~事件~
Aさんは、大阪市内で水道工事を手掛ける工務店を経営しています。
先日、トイレの配管工事で訪れた大阪市平野区の小学校の女子トイレに、盗撮用の小型カメラを設置しました。
カメラを設置したのは1週間前で、昨夜、小学校に忍び込んでカメラを回収しようとしましたが、カメラが無くなっていました。
Aさんは、警察に逮捕されるのではないかと不安で、大阪で刑事事件に強いと評判の弁護士法人あいち刑事事件総合法律事務所に相談しました。
(フィクションです)
【盗撮行為】
大阪府迷惑防止条例(大阪府公衆に著しく迷惑をかける暴力的不良行為等の防止に関する条例)で盗撮を禁止しています。
大阪府迷惑防止条例で禁止されている盗撮行為は
◇第6条第1項第2号◇
公共の場所、乗り物において衣類等で覆われている内側の人の身体又は下着を盗撮する行為。
スマートフォン等を使用して女性のスカートの中を盗撮すれば、この条文が適用されます。
◇第6条第1項第3号◇
特殊なカメラを使用して透視する方法で、衣類等で覆われている内側の人の身体又は下着を盗撮する行為。
◇第6条第2項◇
公衆浴場や、公衆トイレ、公衆の更衣室など、通常衣類の全部または一部を着けないでいる場所にいる人を盗撮する行為。
小学校のトイレも、この条文でいう公衆トイレに分類されます。
◇第6条第3項◇
上記第6条第1項に該当す公共の場所以外で、不特定多数の人が出入りする場所において、衣類等で覆われている内側の人の身体又は下着を盗撮する行為。
◇第6条第4項◇
上記の盗撮をする目的で、カメラ等の撮影機を人に向けたり、カメラを設置する行為。
です。
【盗撮行為の罰則規定】
大阪府迷惑防止条例(大阪府公衆に著しく迷惑をかける暴力的不良行為等の防止に関する条例)で禁止されている上記5つの盗撮行為に対して
◇第6条第1項第2号・第6条第1項第3号・第6条第2項・第6条第3項◇
1年以下の懲役又は100万円以下の罰金
◇第6条第4項◇
6月以下の懲役又は50万円以下の罰金
の罰則が規定されています。
初犯であっても、被害者と示談ができなければ略式起訴されて罰金刑が科せられる可能性が高く、再犯の場合は、起訴されて刑事裁判で処分が言い渡されます。

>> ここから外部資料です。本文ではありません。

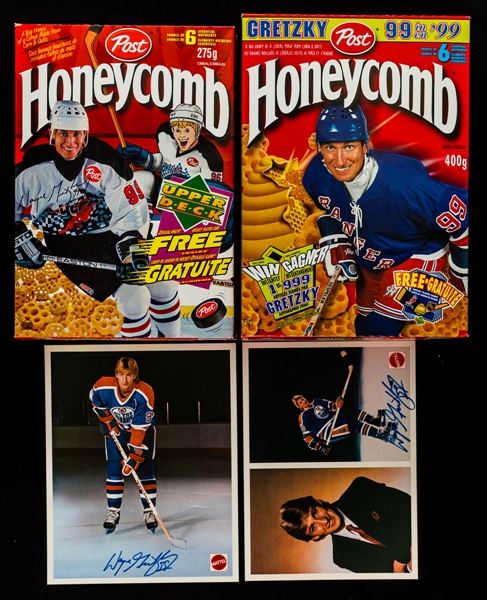 Wayne Gretzky Signed 1980s Premium Photos (2) Plus Full Cereal Box Collection of 14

逆に、被害者と示談し許しを得ることができれば、再犯であっても不起訴処分といったかたちで前科を免れれる可能性があります。
【Aさんの事件】
Aさんの事件を検討します。
まず小学校の女子トイレにカメラを設置する行為が、大阪府迷惑防止条例の第6条第4項に抵触するでしょう。

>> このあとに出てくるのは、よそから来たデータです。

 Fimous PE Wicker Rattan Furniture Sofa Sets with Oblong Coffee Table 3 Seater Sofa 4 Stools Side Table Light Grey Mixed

またカメラを回収されているのでAさんは確認できていませんが、設置したカメラに生徒等人の姿が写っていれば、罰則規定の重い第6条第2項の適用を受けます。
~迷惑防止条例以外で抵触する可能性のある法律~
◇児童ポルノ法(児童買春、児童ポルノに係る行為等の規制及び処罰並びに児童の保護等に関する法律)◇
設置したカメラに小学生の排泄等の状況が撮影されていた場合は、児童ポルノ法(児童買春、児童ポルノに係る行為等の規制及び処罰並びに児童の保護等に関する法律)に抵触する可能性があります。
児童ポルノ法では、衣類の全部または一部を着けない18歳未満の者の姿態であって、殊更に性的な部位が露出又は強調され、かつ性欲を興奮させ又は刺激するものを「児童ポルノ」と定義しています。
そして児童ポルノ法では、児童ポルノを密かに製造することを禁止しているのですが、小学生の排泄状況を盗撮する行為は、これに該当する可能性が大です。
児童ポルノ法違反が適用された場合の罰則規定は「3年以下の懲役又は300万円以下の罰金」と、大阪府迷惑防止条例違反よりも重いものです。
◇建造物侵入罪(刑法第130条)◇
盗撮用のカメラを設置した際は、トイレの配管工事という名目があったので、建造物侵入罪でいう「正当な理由がない」に該当しないかも知れませんが、少なくとも、設置した盗撮用カメラを回収に小学校に忍び込んだ行為には「建造物侵入罪」が適用されるでしょう。
建造物侵入罪の法定刑は「3年以下の懲役又は10万円以下の罰金」です。